* [What you should do]: Your task is to show every line in the listing below that includes "Rustic".

------ Working data

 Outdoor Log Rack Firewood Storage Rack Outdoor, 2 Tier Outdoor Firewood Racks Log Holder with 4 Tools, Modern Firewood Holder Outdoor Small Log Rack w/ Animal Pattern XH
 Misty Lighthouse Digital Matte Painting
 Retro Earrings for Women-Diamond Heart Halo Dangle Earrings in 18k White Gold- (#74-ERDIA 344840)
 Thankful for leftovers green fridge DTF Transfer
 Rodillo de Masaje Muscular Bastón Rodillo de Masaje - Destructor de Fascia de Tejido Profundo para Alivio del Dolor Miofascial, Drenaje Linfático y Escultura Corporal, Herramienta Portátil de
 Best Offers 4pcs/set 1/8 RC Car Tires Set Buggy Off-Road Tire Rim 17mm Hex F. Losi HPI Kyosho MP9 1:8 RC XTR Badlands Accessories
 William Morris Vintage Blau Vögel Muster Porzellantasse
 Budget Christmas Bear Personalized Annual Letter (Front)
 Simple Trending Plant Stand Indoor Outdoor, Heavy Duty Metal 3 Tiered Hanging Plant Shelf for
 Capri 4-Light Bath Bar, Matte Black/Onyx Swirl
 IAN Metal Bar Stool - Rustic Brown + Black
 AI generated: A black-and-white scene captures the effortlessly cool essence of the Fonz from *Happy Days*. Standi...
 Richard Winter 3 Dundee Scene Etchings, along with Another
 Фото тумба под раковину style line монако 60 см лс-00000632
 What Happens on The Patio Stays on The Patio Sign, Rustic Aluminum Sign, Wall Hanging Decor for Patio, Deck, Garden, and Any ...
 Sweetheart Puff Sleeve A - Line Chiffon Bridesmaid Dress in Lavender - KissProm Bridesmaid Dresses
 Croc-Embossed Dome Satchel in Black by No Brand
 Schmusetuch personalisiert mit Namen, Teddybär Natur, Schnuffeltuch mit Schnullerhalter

------------

* [Answer to the problem]:
 IAN Metal Bar Stool - Rustic Brown + Black
 What Happens on The Patio Stays on The Patio Sign, Rustic Aluminum Sign, Wall Hanging Decor for Patio, Deck, Garden, and Any ...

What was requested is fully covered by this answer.